> _Problem description_
Would you print out all of the data exactly and keep the pictures out of it?

> _Supplied data_
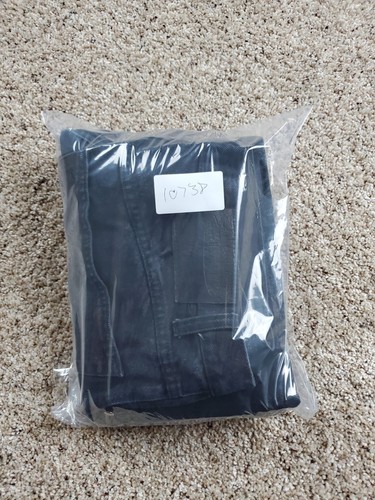 Vintage 90s Anchor Blue Baggy Jeans 36X32 Mens Straight Leg Dark Wash Denim - Picture 15 of 15
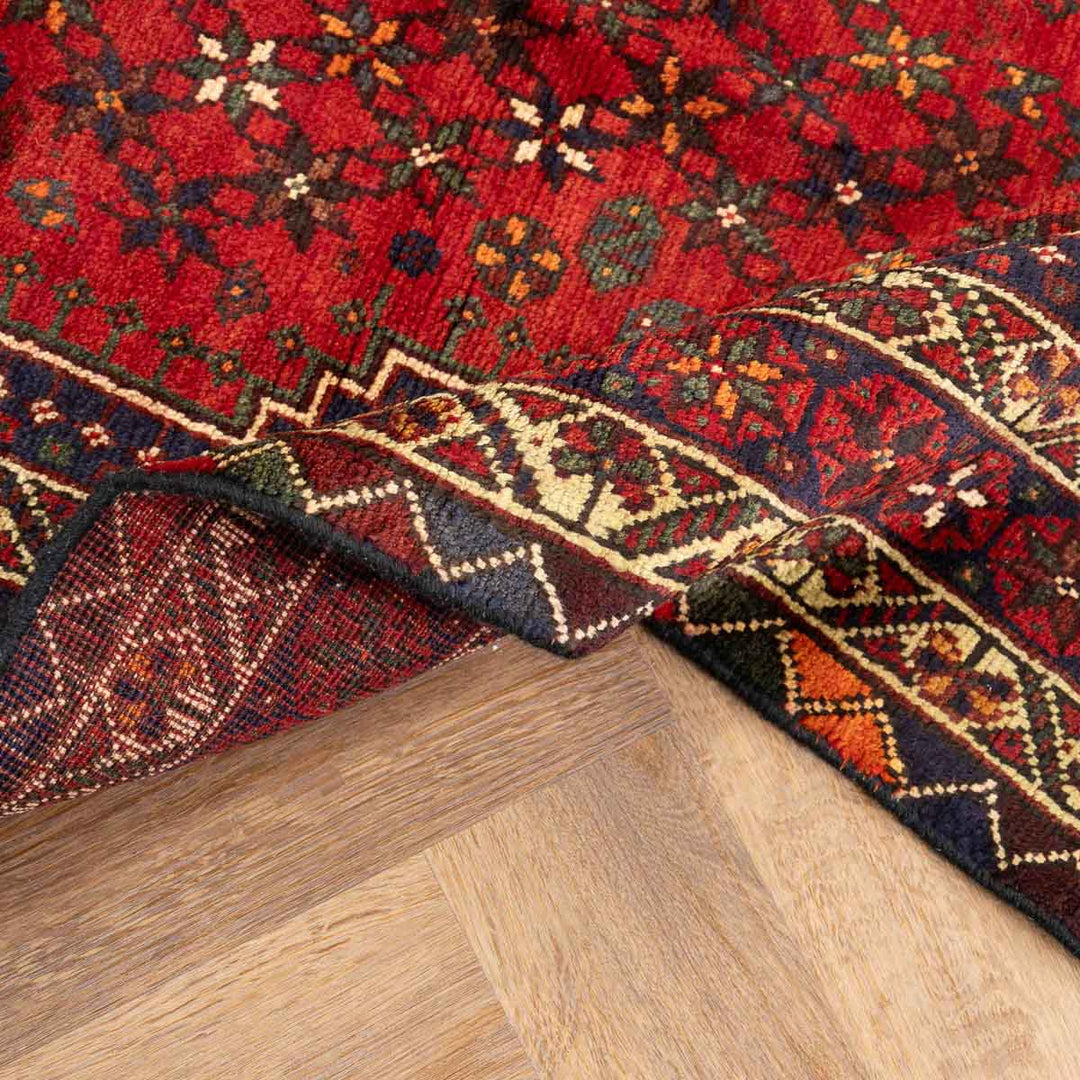 שטיח שירז פרסי 00 אדום 227*169 | Shiraz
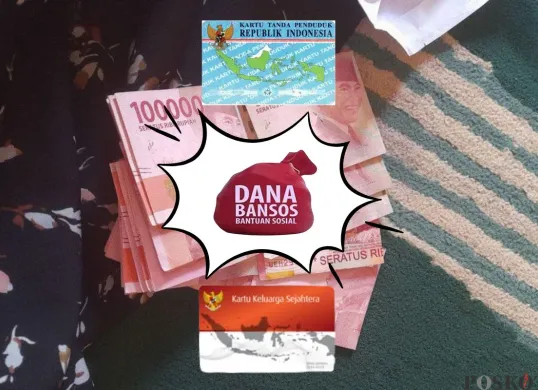 KPM berhasil mendapatkan saldo dana Rp600.000 dari bansos PKH Tahap 1 (Sumber: Poskota/Insan Sujadi)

> _Completed task_
 Vintage 90s Anchor Blue Baggy Jeans 36X32 Mens Straight Leg Dark Wash Denim - Picture 15 of 15
 שטיח שירז פרסי 00 אדום 227*169 | Shiraz
 KPM berhasil mendapatkan saldo dana Rp600.000 dari bansos PKH Tahap 1 (Sumber: Poskota/Insan Sujadi)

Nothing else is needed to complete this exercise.